Even against the Beta's AI opponents, the combat as played on a regular desktop set-up is already a tense experience. But EGX gives us the chance to try dogfighting through the lens of the second-generation Oculus Rift. The difference is like going from a biplane to a fighter jet – suddenly we're every space pilot we've ever seen in Star Wars or Battlestar Galactica. Learning the ins-and-outs of your ship's systems on a regular gaming rig makes you feel good – but with a VR headset on top, you feel lethal.
It works like this: When you take a bounty hunting mission from a space station (or just find another human player whose stuff you'd like to own), you lock onto the target, which brings up a little 3D projection of the craft on the left hand side of your HUD. This is your opponent's condition – the physical health of their ship and the charge of their shields. Then you pop out your weapon hardpoints and go at it. At its most basic level, this is Elite's combat: you pitch and roll to dodge enemy fire while doing your darndest to wear down your opponent's defences. Do this better than your enemy and you are rewarded by not exploding.
But of course, if you're less-inclined toward a stand-up fight, you have other, more underhanded ways of approaching an enemy encounter. Maybe you're after a specific cargo ship and its loot, but want to avoid drawing the unwanted attention of a nearby mercenary escort. You know that enemy ships will see you on their scanners if you generate too much heat, so you bring up your list of onboard systems and disable everything but your engines. You switch off your Cargo Scoop – you won't be needing that until later. You disable shields – if the higher level enemy ships detect you, they probably won't do much good anyway. You turn off Life Support, restricting your air supply to just what's in the cockpit. Your ship starts to cool down. The canopy ices over on the inside.

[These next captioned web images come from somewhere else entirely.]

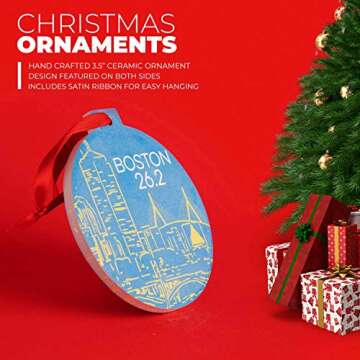 Running Ceramic Ornament | Boston 26.2 Christmas Ornament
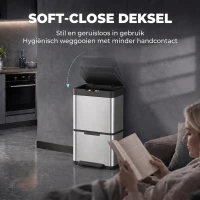 HOMCOM 40L sensorprullenbak, 3 vakken (2 x 12,5L + 15L), met soft-close en openstandfunctie, zilver(m-7)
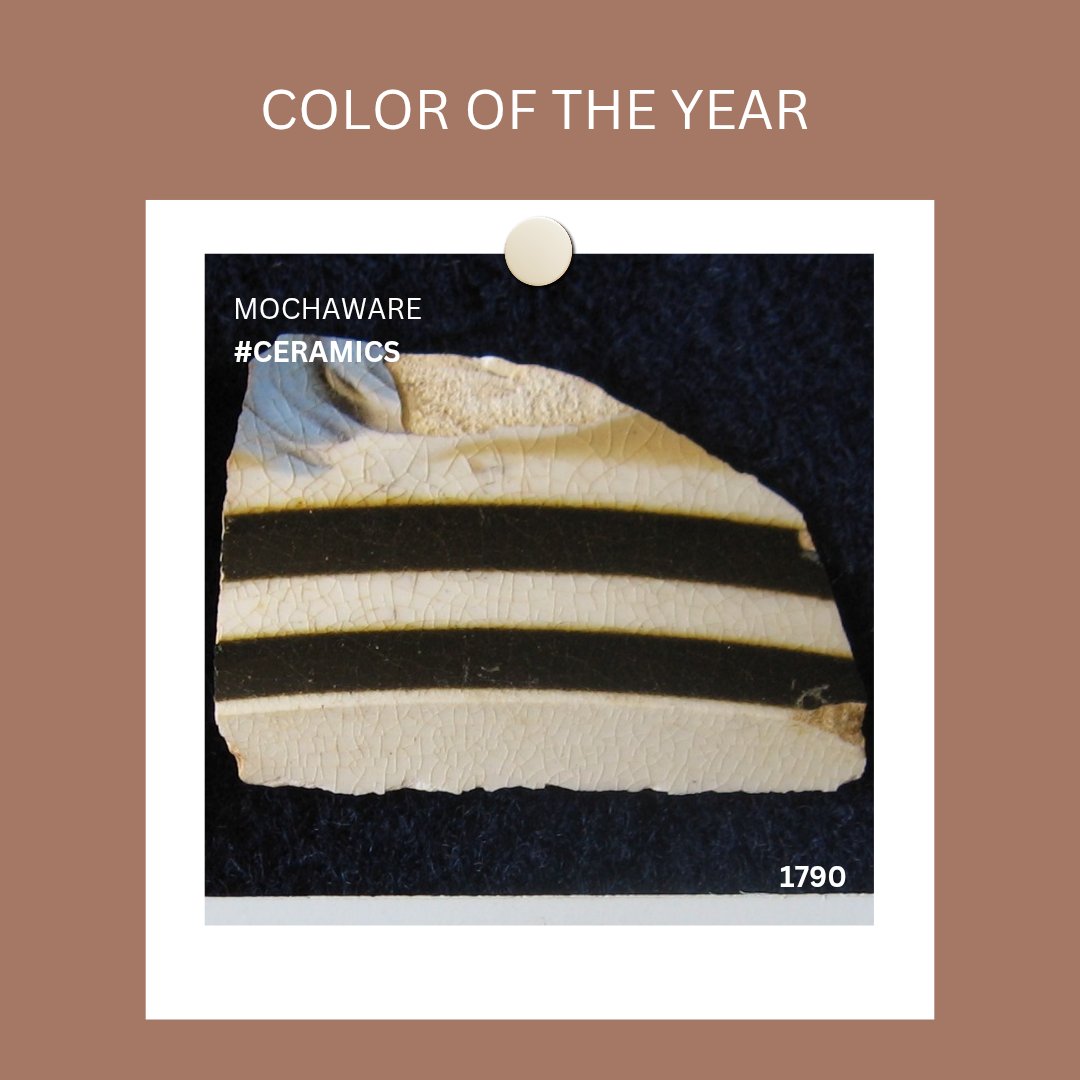 Riversdale1801's tweet image. The color of the year is "Mocha Mousse," but have you heard of mochaware? 

Mochaware sherd, 1790-1815

Mochaware was popular in early American homes &amp;amp; taverns because it was made in a variety of decoration &amp;amp; color choices.

#coloroftheyear #color #mochaware #museumcollection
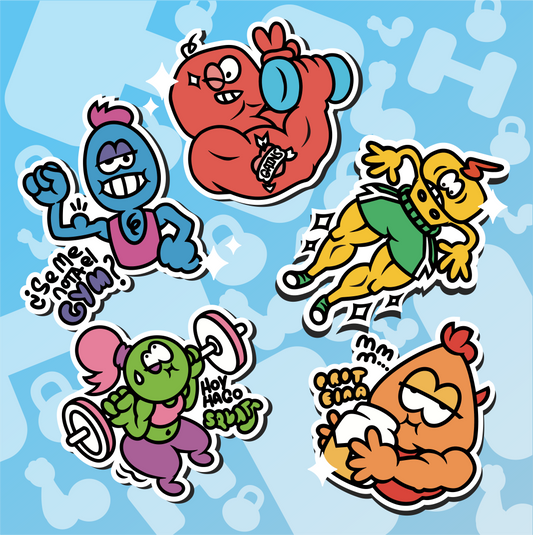 Pack Completo de GymBros (5 Stickers)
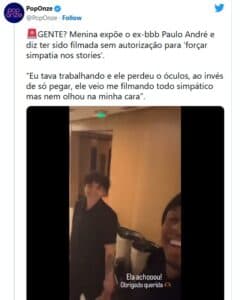 Paulo André foi acusado de forçar simpatia (Foto: Reprodução / Twitter)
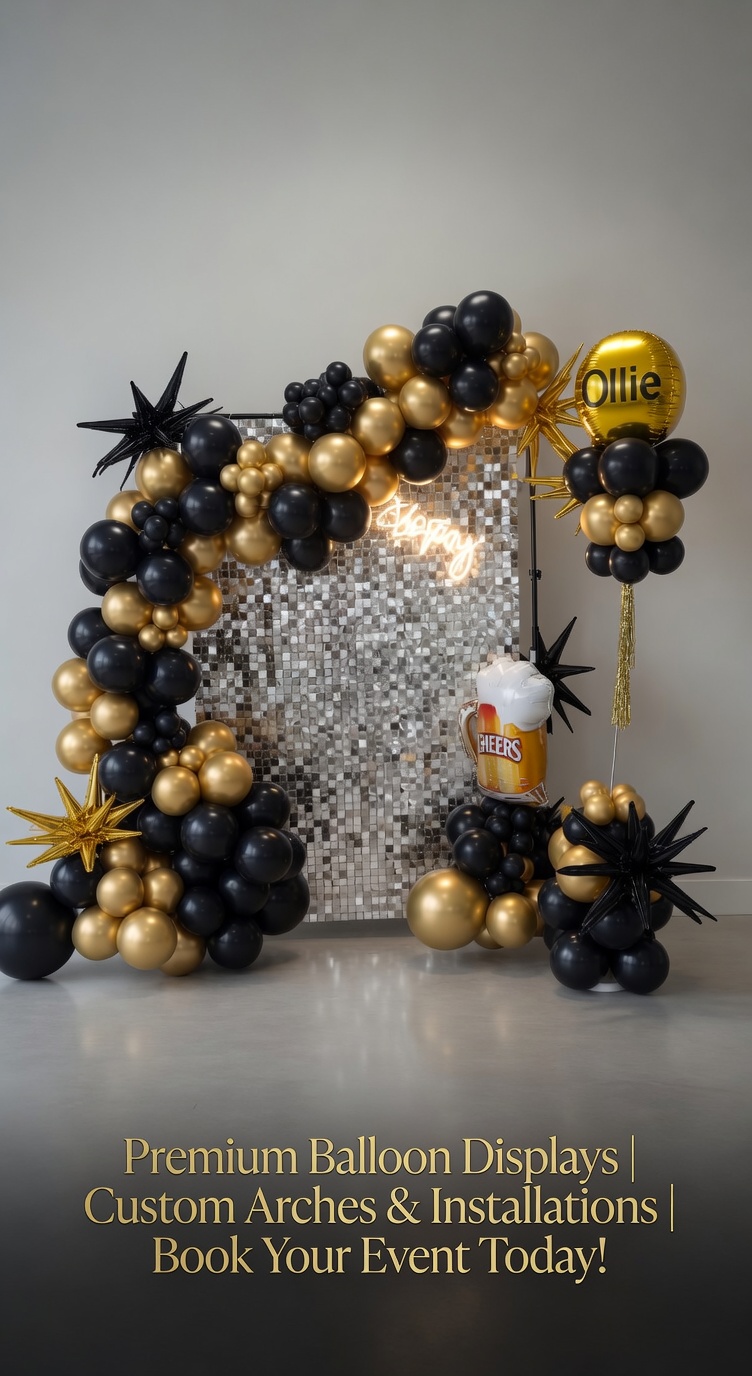 Ollie — black, gold & shimmer wall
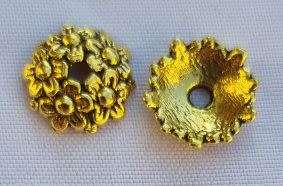 10pc, 11mm  Tibetan Style Antique Gold Tone Bead Caps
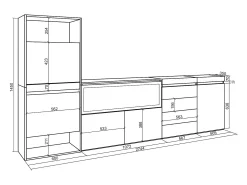 Zapatero, 274x35x145cm, Dormitorio, habitación, Chimenea eléctrica XXL, Cómoda, Cajonera, Cemento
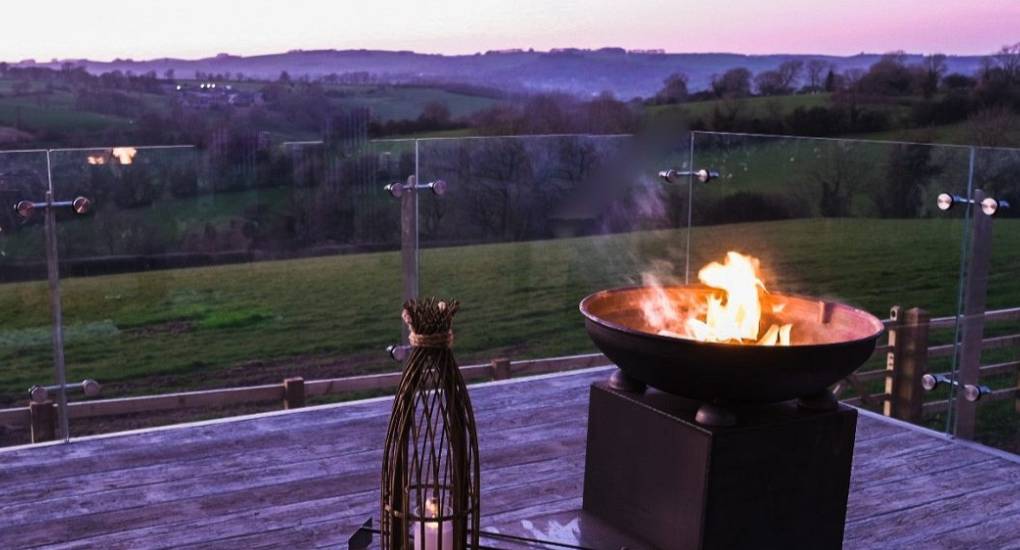 Outdoor firepit on the terrace at Tree View: Evening retreat for your Peak District Hen Do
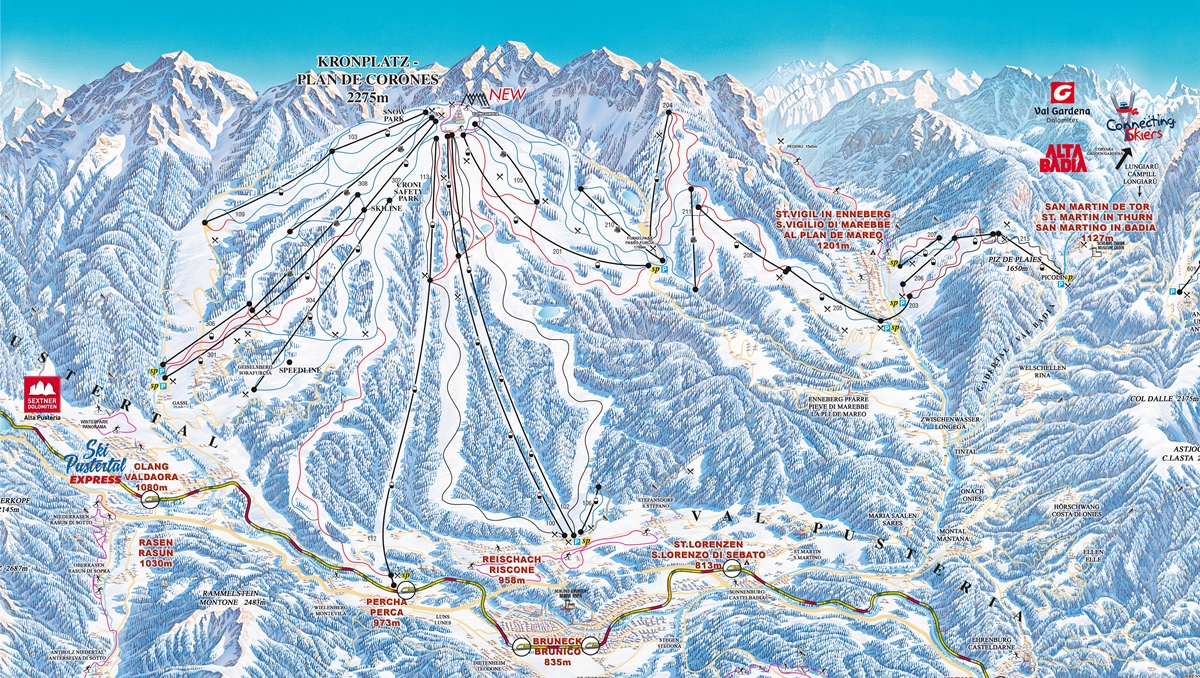 Cartina panoramica del “panettone sciabile” Plan de Corones – Fonte: Consorzio turistico Plan de Corones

Then you give the engines one final, full power boost and kill those as well, leaving your ship sailing cold and silent towards your target, inert and for all practical purposes invisible.
But then, say, you screw up. As you bring core systems back online to assault the dawdling freighter, you forget to change your weapon loadout to dual Multi–Cannons – Gatling–style guns that eat real ammunition, but give off almost no heat. Instead, you're blasting away at the freighter's shields with dual Beam Lasers – powerful energy weapons which require no leading of the target, but light you up on enemy sensors like a Christmas Tree in a house fire. The cops come running, and now you're frantically rebooting shields, diverting power from the engines and weapons to make them charge faster before you're broken up like space pottery.
And this is where we probably looked quite silly to anyone watching on the EGX showfloor. Because with the Rift strapped on, dogfights like this take on a whole new intensity. Instead of relying on radar, you're craning your neck around, tracking enemies visually through the upper canopy of your ship and peering over your shoulder at the sound of an incoming missile alert. When you jerk back on a joystick or push forward on a throttle, your pilot's in-game hands move to match. And while the second-gen Rift is still a bit too fuzzy to clearly make out Elite's menu options, the urgency of combat – of slowing to your ship's ideal turning speed to track a target, of flicking a stick in different directions to divert power on the fly – while frantically looking out for death on all sides brings it all together.
With these systems mastered, your ill-fated bit of piracy becomes a questions of priorities. Do you stick around in the hope of blasting the escorts and plundering the target at your leisure? Focus fire on the freighter and hope for a quick getaway? Cut your losses and run, leaving with nothing but a bounty and depleted ammo stores? Elite: Dangerous is, even at this relatively early stage, a game about complex systems – and the spoils go to those who can make them work as one.